Malgré la présentation qui en est faite, ce sujet concerne l’ensemble des matériaux et du dispositif de gestion des emballages ménagers. A ce titre, REVIPAC est particulièrement préoccupée par cette mesure, qui conduira à dégrader fortement les performances techniques, environnementales et économiques (qu’il s’agisse de tonnage, de qualité des matériaux à recycler, ou du coût de la collecte et du tri) d’un dispositif qui a fait ses preuves – et qui nécessite d’être encore optimisé.
Depuis 2020, les tonnages collectés ont en effet augmenté de 50% pour le plastique et le carton. Les objectifs de recyclage pour l’ensemble des matériaux, ou individuels pour l’acier, le carton ou le verre sont atteints, voire en avance sur les échéances du cahier des charges – ces objectifs sont également mentionnés par le PPWR et ne méritent pas d’être dégradés. Face à une présentation souvent et excessivement dramatique, il importe de rappeler que le dispositif en place a donc démontré sa capacité à capter un tonnage considérable d’emballages ménagers, même si la croissance de la collecte des plastiques ne s’est pas encore traduite visiblement dans leur taux de recyclage. REVIPAC est particulièrement attachée à la simplicité du geste de tri, incontournable pour engager les citoyens, dont les sujets de préoccupation sont déjà multiples dans le contexte économique actuel, au moyen d’un geste concret, valable pour tous les matériaux et tous les types d’emballages.

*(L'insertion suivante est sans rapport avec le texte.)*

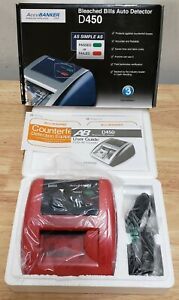 AccuBanker D450 Counterfeit Bleached Bill Scanner Detector [RED NEW IN OPEN BOX]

Au regard de ceux des objectifs de l’agrément qui ne sont pas atteints aujourd’hui, et de l’évolution du coût de la REP, des options pragmatiques et concrètes, susceptibles de délivrer des résultats dans des délais compatibles avec les exigences réglementaires, doivent être privilégiées :
• Optimiser le dispositif de collecte et de tri actuel, pour colmater ses fuites : des emballages ne sont pas captés aujourd’hui (hors foyer notamment), où sont perdus à l’étape de tri (niveau élevé des refus, mauvaise qualité du tri orientant un matériau vers une mauvaise filière). Des moyens doivent être consacrés à améliorer l’efficience technique de la collecte et du tri pour améliorer l’existant.
• Passer d’une logique d’appels à projet à une logique de généralisation, pour déployer les solutions qui ont été testées et ont fait leur preuve, notamment pour la collecte des gros cartons, de manière à optimiser la place disponible pour l’ensemble des emballages dans le bac jaune.

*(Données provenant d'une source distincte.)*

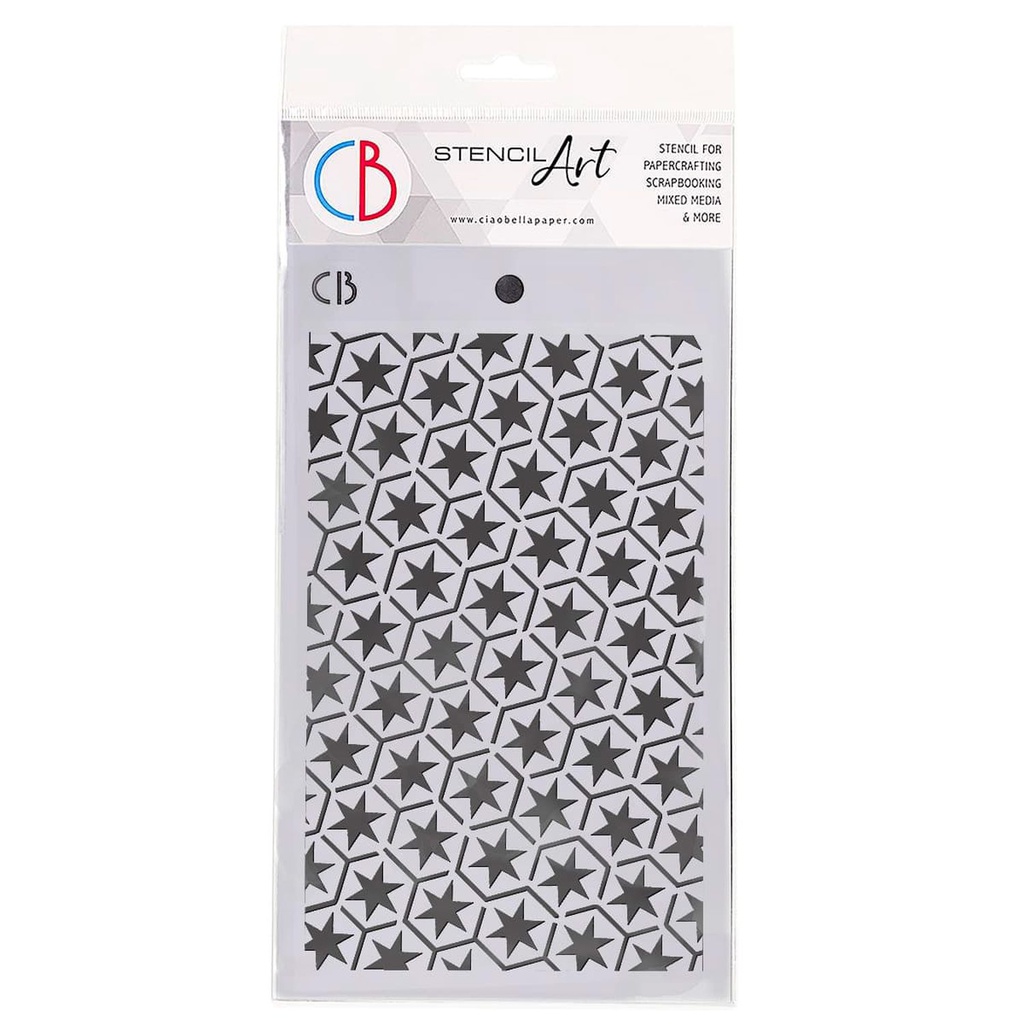 Ciao Bella Paper - Star Six 5"x8" stencil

• Reconsidérer les dépenses obligatoires et inflationnistes. Aujourd’hui, 13% des dépenses sont imposées par le cahier des charges, montant considérable à l’échelle d’une enveloppe qui dépasse 1,5 Mds d’euros et qui augmente fortement chaque année. Calibrer des dépenses de communication, de réemploi, de R&D ou encore de nettoyage des dépôts sauvage en fonction du coût de la collecte et du tri est irrationnel et inflationniste. Une approche au moyen de plans d’action réalistes et chiffrés par les éco-organismes serait à privilégier.
• Et, face à des objectifs multiples et parfois contradictoires, savoir faire les choix pour améliorer la performance globale et ne pas dégrader l’équilibre fragile de l’existant, résultat d’un travail collectif depuis plus de 30 ans.

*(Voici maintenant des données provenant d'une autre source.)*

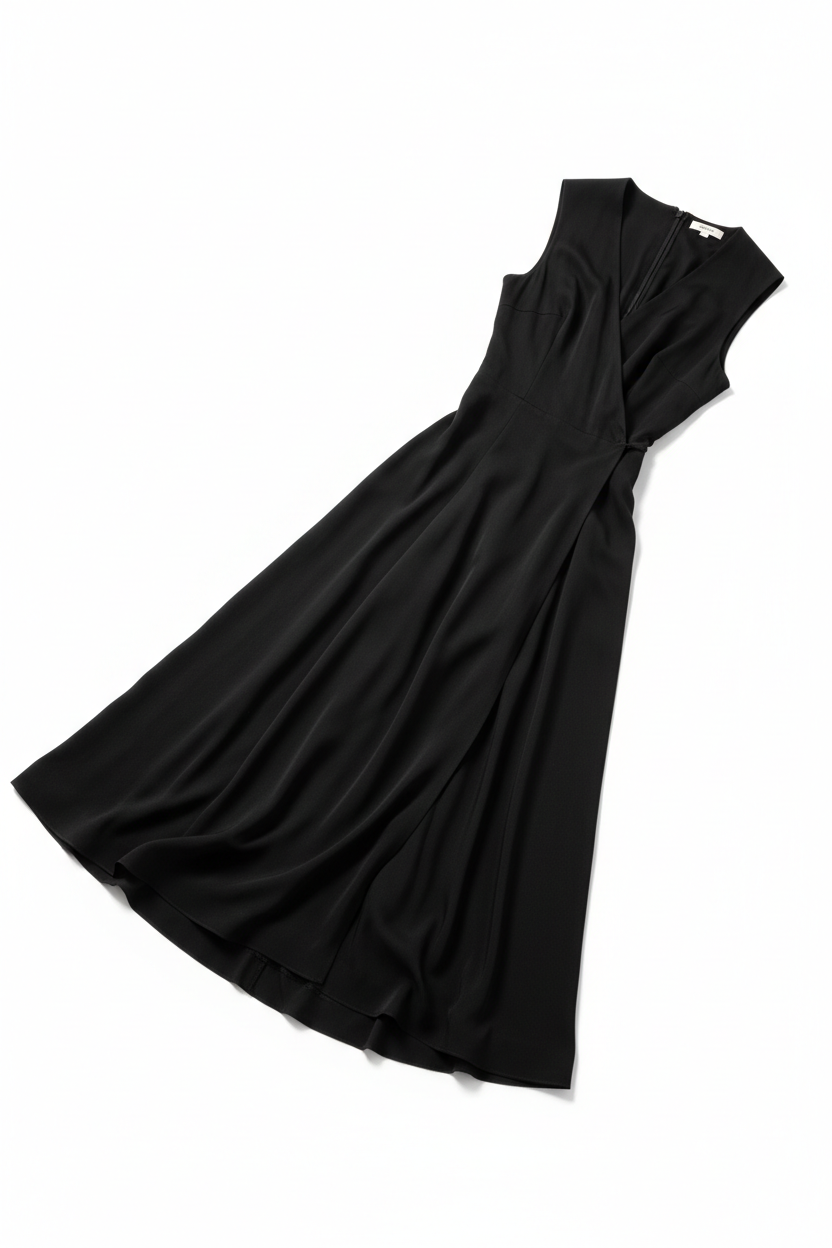 Wrap Dress in Classic Black - 45 Degree Angle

REVIPAC rappelle en dernier lieu qu’une évolution du dispositif de collecte sélective ne peut reposer sur des scénarios théoriques et risqués, dépendant de multiples hypothèses et d’échéances incompatibles. Toute réflexion sur l’évolution du dispositif de gestion des emballages ménagers doit reposer sur une réflexion partagée avec les acteurs économiques et notamment les filières de recyclage.